Egypt, represented by a central bank official, will be taking part in the 46th annual meeting of the World Economic Forum (WEF) kicks off in Davos, Swtizerland running from 20-23 January 2016.
Dr. Rania Al-Mashat – Sub-Governor for Monetary Policy at the Central Bank of Egypt (CBE), will participate in Davos meetings this year’s event.
Business leaders and prominent figures from the political, civil, media and religious world will meet to discuss the challenges posed by the “Fourth Industrial Revolution”.
Credit Suisse chief executive Tidjane Thiam, Microsoft CEO Satya Nadella, General Motors chief Mary Barra and Hitachi chairman and CEO Hiroaki Nakanishi are among the meeting co-chairs.
Russian President Vladimir Putin and Russian Prime Minister Dmitry Medvedev, neither of whom will be among the participants.
Moscow will be represented by Yury Trutnev, a deputy prime minister and the Presidential Plenipotentiary Envoy to the Far East.
Much like Putin, US President Barack Obama will not be attending the meeting, yet John Kerry, the US Secretary of State, will represent Washington in Davos alongside a host of other politicians including the US Trade Representative, Michael Froman.
Furthermore, Britain’s Prime Minister David Cameron and the Chancellor George Osborne will be heading to Davos.

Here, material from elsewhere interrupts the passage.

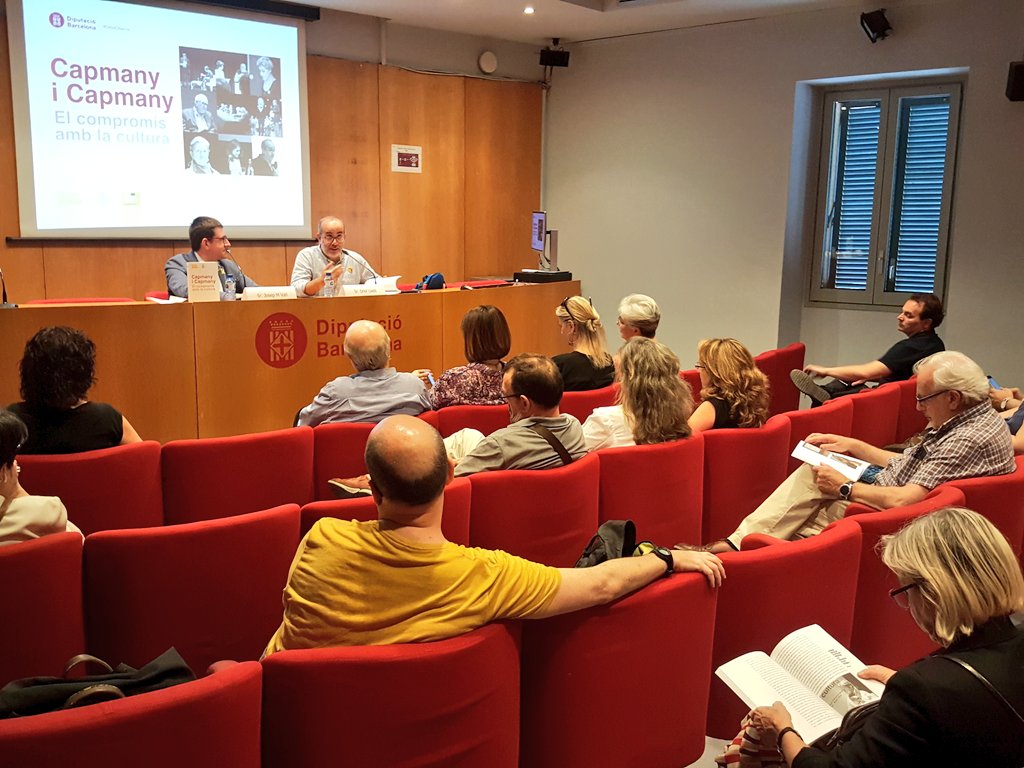 CulturaDIBA's tweet photo. El diputat de Cultura en funcions @oriolllado presenta el llibre «Capmany i Capmany. El compromís amb la cultura» amb el recull d'intervencions del cicle #CapmanyiCapmany dedicat a Aureli i Maria Aurèlia Capmany. https://t.co/GvzIrjMKuR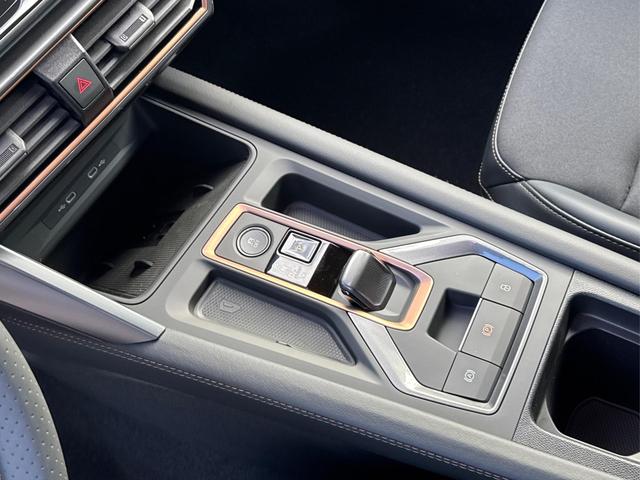 Cupra / Leon Sportstourer / Grau / / / ST AHK+NAVI+eHK+KAMERA+ACC+SHZ+18 ALU+LED, Beispielbilder, ggf. teilweise mit Sonderausstattung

The intergovernmental organisation will itself be represented by secretary general Ban Ki-moon and his predecessor, Kofi Annan.
Greek Prime Minister Alexis Tsipras and his French counterpart Manuel Valls will also be among the participants, along with newly-elected Argentinian President Mauricio Macri, Ukranian President Petro Poroshenko and Li Yuanchao, the Vice President of the People’s Republic of China.
The Middle East will, as usual, be one of the main focuses of the meeting, Iraq’s Prime Minister Haidar al-Abadi and Mohammad Ashraf Ghani, the current president of Afghanistan will be in attendance.
Federal Reserve’s Chairwoman Janet Yellen will not travel to Switzerland, although a number of policymakers from the major central banks are expected to take part in the proceedings.
Bank of England’s Governor Mark Carney, European Central Bank President Mario Draghi and Bank of Japan’s governor Haruhiko Kuroda will attend the meeting, alongside International Monetary Fund’s managing director Christine Lagarde.
Lagarde plans to meet with Greek Prime Minister Alexis Tsipras next week to discuss the nation’s bailout package, a person familiar with the matter told Bloomberg.
Away from the political world, Davos will see a number of high-profile figures from the corporate world, including John McFarlane and Jes Staley, the chairman and chief executive of Barclays, and Lloyds’ CEO Antonio Horta-Osorio.
WPP’s CEO Sir Martin Sorrell, the chairman and CEO of JPMorgan Chase & Co James Dimon, and BP’s CEO Robert Dudley are also all expected to participate.
In 2015, Egyptian President Abdel Fattah al-Sisi, headed a delegation of economic-group ministers, delivered a speech in Davos asserted the government’s plans to fix the nation’s economy and prove an attractive destination for foreign investment.